A new study from physicians at Mayo Clinic in Rochester, found there may be long-term benefits to simultaneous liver-kidney transplantation versus kidney transplantation alone. The study, “Decreased Chronic Cellular and Antibody-Mediated Injury in the Kidney Following Simultaneous Liver-Kidney Transplantation” published recently in the journal Kidney International. Among patients with high and low levels of donor-specific alloantibodies, the study showed those who received simultaneous liver-kidney transplants demonstrated a lower incidence of cellular and antibody-mediated rejection and chronic injury to the kidney, and demonstrated better overall kidney function five years post procedure.
Rejection of transplanted organs can occur within minutes (hyperacute rejection) or days to months (acute) after a transplant. In other cases, the damage takes place over a number of years and can lead to decreased kidney function and, potentially, rejection of the transplanted organ. This is known as chronic kidney injury.
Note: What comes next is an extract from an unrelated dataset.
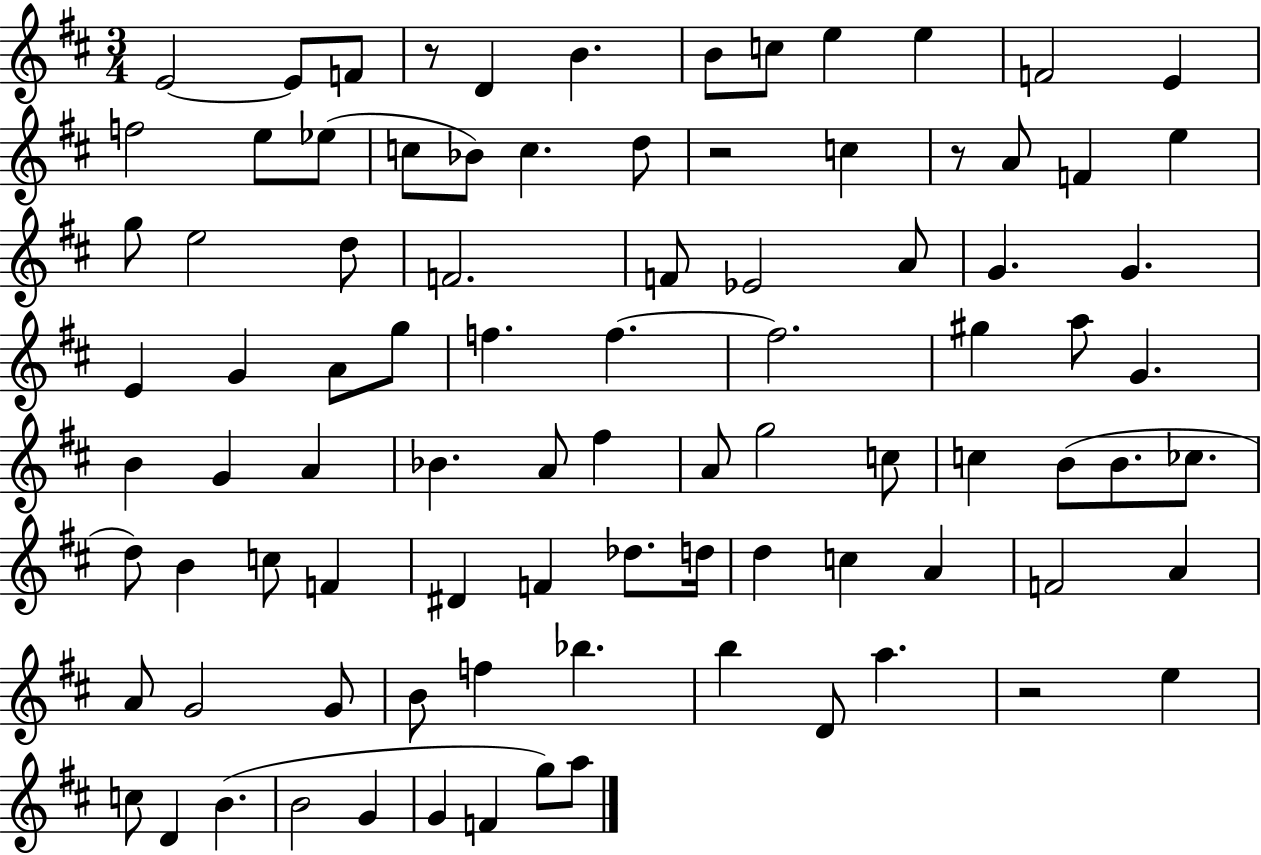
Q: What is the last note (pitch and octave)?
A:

While past research has shown that patients who have a combined or simultaneous liver-kidney transplant can be protected from hyperacute and acute rejection, the recent Mayo Clinic study is the first to examine the potential long-term affects of simultaneous liver-kidney transplant and chronic kidney injury or function.
“We know that a healthy liver can reduce the levels of circulating donor-specific alloantibodies, which can lead to rejection of a transplanted organ in kidney transplant recipients,” says Timucin Taner, M.D., Ph.D., a transplant surgeon at Mayo Clinic. “The findings from this study indicate that these positive benefits of a healthy liver in simultaneous liver-kidney transplants may be long-standing and that the liver may have a protective role against cellular rejection, as well”
Mayo Clinic physicians studied kidney biopsies from 68 consecutive liver-kidney transplant recipients, 14 with donor-specific alloantibodies and 54 with low or no donor-specific alloantibodies. These results were compared to biopsies from patients who had received a kidney transplant alone, with a comparable break down of high and low donor-specific alloantibodies.
Factors studied included the overall five-year patient and graft or transplant survival; the incidence of acute rejection and chronic kidney damage; and overall measures of kidney function. Findings indicate that, at five years post-transplant in patients with donor-specific alloantibodies, those who had a simultaneous liver-kidney transplant kidney transplant had a:
• 7.1 percent rate of acute rejection, compared to 46.4 percent for similar patients who had a kidney transplant alone
• No chronic transplant-related kidney injury, compared to 53.6 percent incidence of chronic injury for patients who had a kidney transplant alone
• Stable glomerular filtration rate (a measure known as a glomerular filtration rate [GFR], which indicates how well the kidneys are functioning), compared to a decline in GFR of 44 percent for patients who had a kidney transplant alone.
“This study is promising, because it demonstrates the power of a well-functioning liver allograft in modulating host immune responses and positively influencing long-term outcomes of the kidney transplant in simultaneous liver-kidney transplant recipients,” says Dr. Taner. “More work is needed to better understand how far this benefit extends beyond transplantation, as well as how immunosupressive therapies impact these outcomes.”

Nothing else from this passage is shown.